### TRY IT
Your answer must be the lines from the one containing "HAPPYPOSH Magnetic Barber" through the last line of the records below, copied exactly, with the pictures left out.
▼
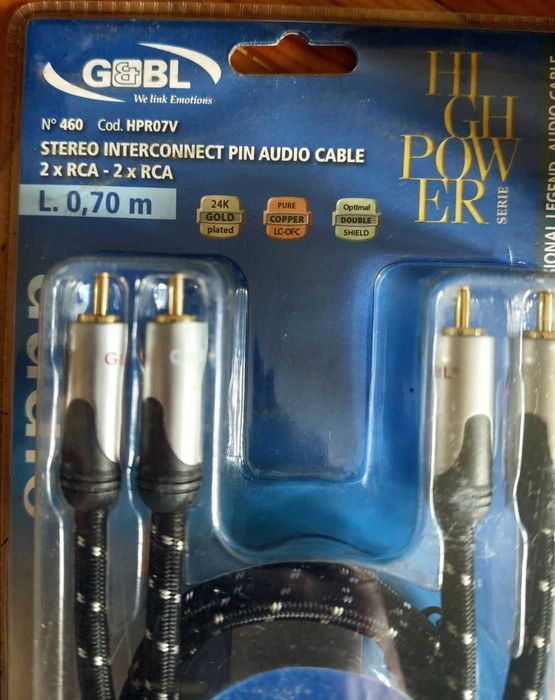 Аудіокабель G&BL HPR07V 2xRCA-2xRCA 0.70м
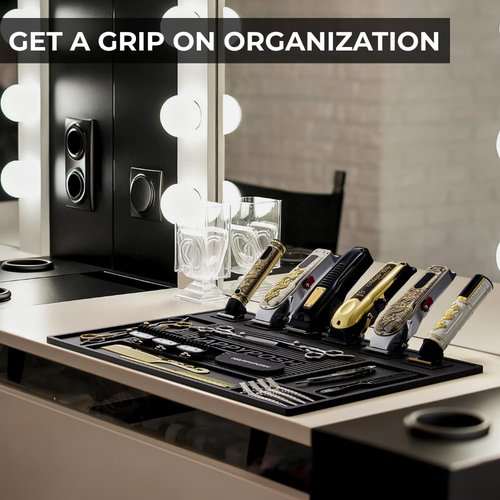 HAPPYPOSH Magnetic Barber Mat for Clippers, Large Professional Barber Station Mat with 6 Strong Magnets, Non-Slip Rubber Barber Tool Organizer for Salon Stations, 20" x 14" Black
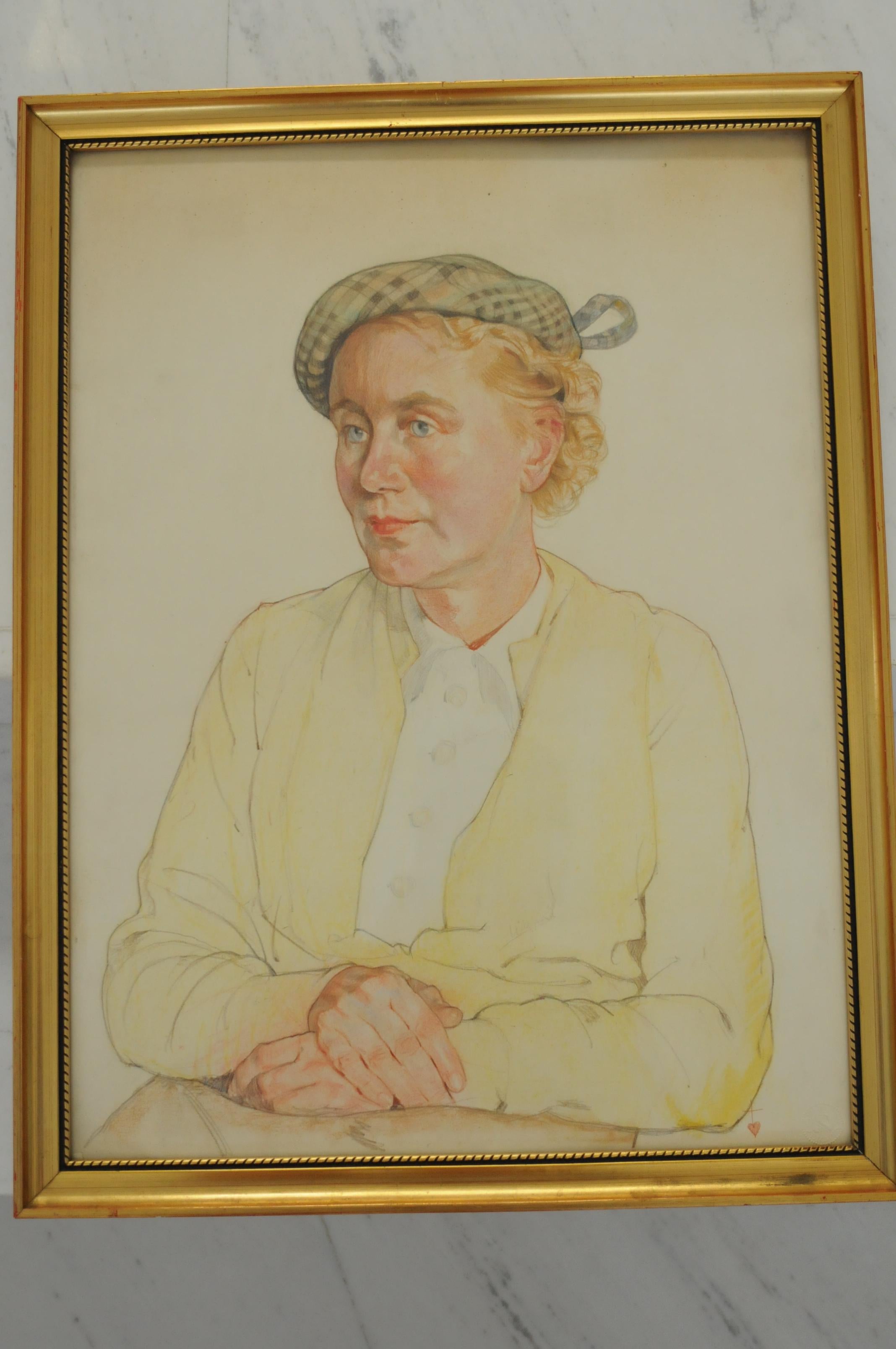 Unknown Portrait Painting - Lady with hat (Dame mit Hut)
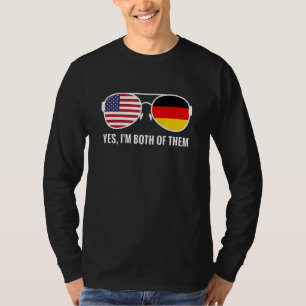 T-shirt Allemagne États-Unis Drapeau Lunettes de soleil Al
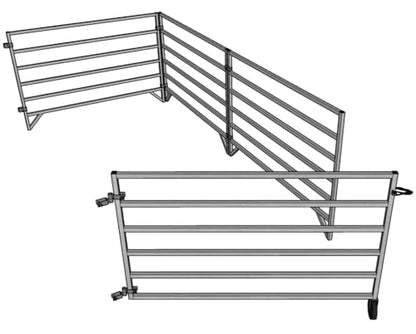 Aluminum 5 FT X 10 FT 6 Rail 40" Tall Sheep & Goat ADD-ON STALL KIT Panel Pen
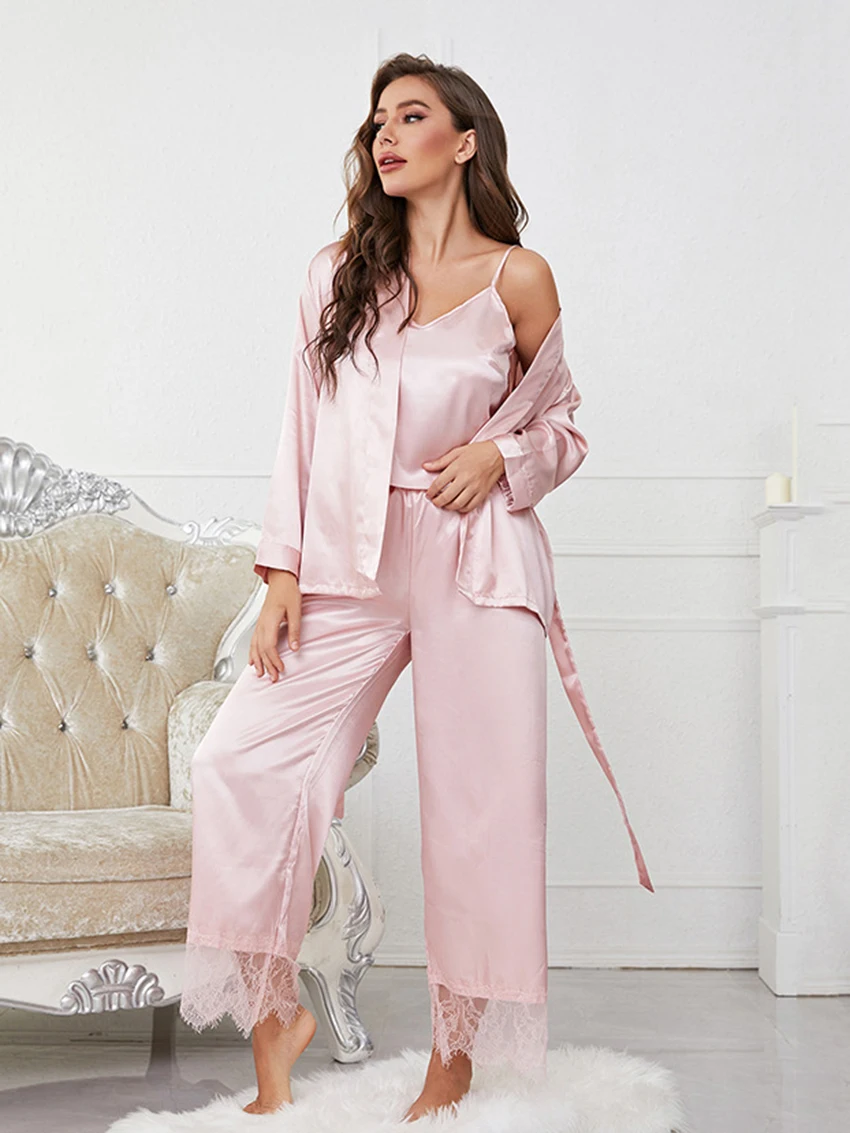 Marthaqiqi Lace Patchwork Women'S Pajamas Spaghetti Strap Nightwear Long Sleeve Robe Lace Up Sleepwear Pants Femme Pyjamas Suits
▲
### TASK RESPONSE
 HAPPYPOSH Magnetic Barber Mat for Clippers, Large Professional Barber Station Mat with 6 Strong Magnets, Non-Slip Rubber Barber Tool Organizer for Salon Stations, 20" x 14" Black
 Unknown Portrait Painting - Lady with hat (Dame mit Hut)
 T-shirt Allemagne États-Unis Drapeau Lunettes de soleil Al
 Aluminum 5 FT X 10 FT 6 Rail 40" Tall Sheep & Goat ADD-ON STALL KIT Panel Pen
 Marthaqiqi Lace Patchwork Women'S Pajamas Spaghetti Strap Nightwear Long Sleeve Robe Lace Up Sleepwear Pants Femme Pyjamas Suits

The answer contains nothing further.